In [1]:
import pandas as pd
import matplotlib.pyplot as plt
In [2]:
#Question - Does the Coivd-19 Death Rate have a correlation with GDP Per Capita? Do more people die in poorer countries?
#Let's read in our data sources
#GDP Per Capita Per Country - https://www.focus-economics.com/economic-indicator/gdp-per-capita
gdpPerCapita = pd.read_csv(r"C:\Users\Jonny\Documents\Projects\covidToGDP\gdpPerCapita.csv")
#Covid 19 Death Statistics Per Country - https://ourworldindata.org/explorers/coronavirus-data-explorer?facet=none&pickerSort=desc&pickerMetric=location&Metric=Confirmed+deaths&Interval=Cumulative&Relative+to+Population=true&Color+by+test+positivity=false
covidDeathRates = pd.read_csv(r"C:\Users\Jonny\Documents\Projects\covidToGDP\covidDeathsPerCountry.csv")
In [3]:
#Let's remove some unecessary columns and extra data irrelevant to what we are going to look at today
gdpPerCapita.head()
#After looking at the first several rows, we don't have any extra rows. Everything is in USD ($) and to read this you could
#For each citizen who lives in Luxembourg, they make $101,207 anually
Out[3]:
Country | gdpPerCapita | |
---|---|---|
0 | Luxembourg | 101207 |
1 | Switzerland | 85682 |
2 | Cayman Islands | 83536 |
3 | Ireland | 78558 |
4 | Norway | 75059 |
In [4]:
#Let's remove some unecessary columns and extra data irrelevant to what we are going to look at today
covidDeathRates.head()
#this data needs to cleaned a little bit more.
#lets only keep 'location' and 'total_deaths'
#what we want to do is to remove all other columns and then take the MAX of'total_deaths' for each location
covidDeathRates = covidDeathRates.groupby('location')['total_deaths_per_million'].max()
covidDeathRates = covidDeathRates.to_frame()
covidDeathRates.columns.values[0] = "Covid Death Rate Per Million Rate"
In [5]:
covidDeathRates.head()
#perfect, now we have each location and their max total deaths per million people living in that country (their rate)
Out[5]:
Covid Death Rate Per Million Rate | |
---|---|
location | |
Afghanistan | 193.220 |
Africa | 184.726 |
Albania | 1217.223 |
Algeria | 154.091 |
Andorra | 2003.775 |
In [6]:
#lets sort this data so that we can get a quick look to see who has the lowest reported death rate
covidDeathRates.sort_values('Covid Death Rate Per Million Rate').head()
#Okay cool so we can now see that North Korea has the lowest reported death rates :/
Out[6]:
Covid Death Rate Per Million Rate | |
---|---|
location | |
North Korea | 2.395 |
Burundi | 3.101 |
China | 3.616 |
Chad | 11.410 |
South Sudan | 12.125 |
In [7]:
#Now lets merge our two datasets together.
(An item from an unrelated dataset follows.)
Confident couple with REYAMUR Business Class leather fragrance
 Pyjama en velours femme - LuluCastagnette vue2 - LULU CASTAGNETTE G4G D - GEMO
This will allow us to get a quick view of GDP Per Capita and Covid Deaths Rate for each country
mergedData = covidDeathRates.merge(gdpPerCapita,how="inner",left_on="location",right_on="Country")
mergedData.head()
#let's permanently sort the data so that we get a better visualization
mergedData = mergedData.sort_values('Covid Death Rate Per Million Rate')
#now we have a quick view of each country and their GDP Per Capita and Covid Death Rates
In [8]:
#Lets plot this data out and see what we can visualize
fix,ax1 = plt.subplots()
ax2 = ax1.twinx()
ax1.set_xlabel('Country')
ax1.set_ylabel('Covid Deaths (Million)', color = 'blue')
ax2.set_ylabel('GDP (Capita)', color = 'red')
ax1.plot(mergedData['Country'], mergedData['Covid Death Rate Per Million Rate'], label = "Covid Deaths (Million)", color='blue')
ax2.plot(mergedData['Country'], mergedData['gdpPerCapita'], label = "GDP (Capita)", color='red')
plt.show()
In [9]:
#There seems to be some correlation between GDP and Death Rates because in the beginning we can see that countries with low Death rates also ahve low GDP rates
#lets calculate correlation
correlation_matrix = mergedData.corr()
print(correlation_matrix)
Covid Death Rate Per Million Rate \ Covid Death Rate Per Million Rate 1.000000 gdpPerCapita 0.161727 gdpPerCapita Covid Death Rate Per Million Rate 0.161727 gdpPerCapita 1.000000
In [10]:
#Okay, so our correlation between GDP Per Capita and Covid Death Rates is not great. we have a correlatyion of 0.1617.
#This indicates a weak positive correlation
#This sources of this data is solid, but the differences in reporting accross countries may be affecting the data
#Is there any way that we could get better data?